In a message dated 10/4/07 8:34:23 PM US Mountain Standard Time,
mickeycrimm@yahoo.com writes:

That rule of a non-paying hand certainly cuts the potential value of

a four

to a royal promo. Looks like 20-23 is the range of the 47 cards

left that will

disqualify the hand.

It looks to be 22-23 to me:

(a) KQJTc:
3x9 or 3xA will make a straight (might have discarded one)
2c-8c will make flush (might have discarded one)
high pair: 3xK, 3xQ, 3xJ (might have discarded one)
the 9 of clubs will complete a straight flush (would not have broken that)
Ac will make the royal, but then we don't need this stuff. Let's just
consider the 46 remaining cards that don't make the royal.
Total: 6+7+9+1=23, 22 if broke a straight/flush/high pair
There are similarly 23 of the 46 (exactly half) where the hand is made
as dealt. So half the time it's 23 that will end up paying, the other
half 22, for an average of 22.5.

(b) AKQJc:
3xT will make straight
2c-9c will make flush
3xA, 3xK, 3xQ, 3xJ will make high pair
Total: 3+8+12 = 23, 22 if broke straight/flush/high pair
Similarly, an average of 22.5.

(c) Other ace high, e.g. AKQTc:
3xJ (etc) will make straight
2c-9c will make flush
3xA, 3xK, 3xQ will make high pair
Total: 3+8+12 = 23, 22 if broke a straight/flush/high pair
Similarly, an average of 22.5.

Although there are 3 suits for the discarded card (e.g. Jh, Jd, Js),
you only discard one of them (say Jh), and you can still draw one of
the other two (say Jd) to make a high pair. Also, the "might have
discarded" cards don't overlap, so even though there are three classes
of card you might have thrown away, whatever you discard is a member
of only one of those classes (e.g. it make a straight, or it made a
flush, or it made a high pair; never more than one of these). The 9 of
club is a special case where it makes a straight and a flush, but then
you have a hand worth 50, presumably way more than a 4-card royal is
worth (some 20), so you would not discard the 9c, and all this doesn't
apply.

Obviously, the same goes for the other suits; I just used clubs as a
concrete example.

So it's 23 half of the time, and 22 for the cases where you break a
made hand (let's hope that *they* are not disqualified as well... I
don't think so, this is supposed to be compensation for a "bad beat",
and throwing away a flush to get nothing sounds like a bad beat to
me). That's very close to half the possible draws (actually exactly
half since the Ac completes a royal, and a royal is most certainly a
paying hand, so really it's 23.5 out of 47, not 22.5 out of 46). Four
to the straight flush is such a damned strong hand

M.

Duh. I've done it again. I can't seem to get it through my thick head
that these are *post draw* 4 to the royals.

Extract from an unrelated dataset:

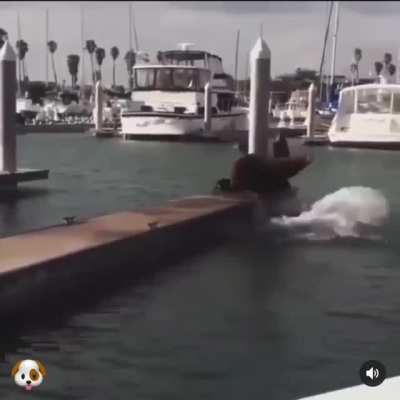 I am the dockmaster now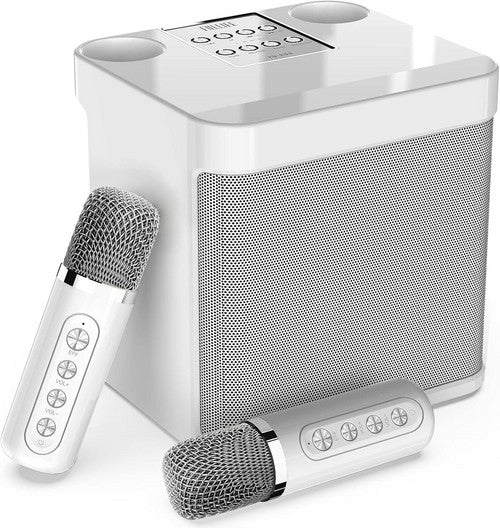 Sliver Karaoke Machine with 2 Wireless Microphones Bluetooth-Compatible 5.0 for Parties V201-QHGMMOREONE048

So there is no adjustment for straight flushes; a straight flush is a
paying hand. Period.

There may be strategy tweaks that affect the frequency of completing
to 4 card royals (the 460 figure). The question is, how often are
post-draw 4 card royals paying hands, thus disqualifying them from the
promotion (if that's how it is worded).

There are 46 possible rank and suit combinations for the final card.
(The 47th makes a 5-card royal.) Correct me if I'm wrong, but I
believe that they are all equally likely. In my previous post, I
showed that there are 23 of the 46 possible draws that end up as
paying hands. The vast majority of these pay way less than 20 bets,
making only high pairs, straights, or flushes, which makes them
irritating but that's irrelevant to the analysis.

So exactly half of post-draw 4-card royal flushes are paying hands. So
the promotion requirement that the hand is non-paying cuts the
expected return of the promotion exactly in half.

Sorry for the confusion.

M.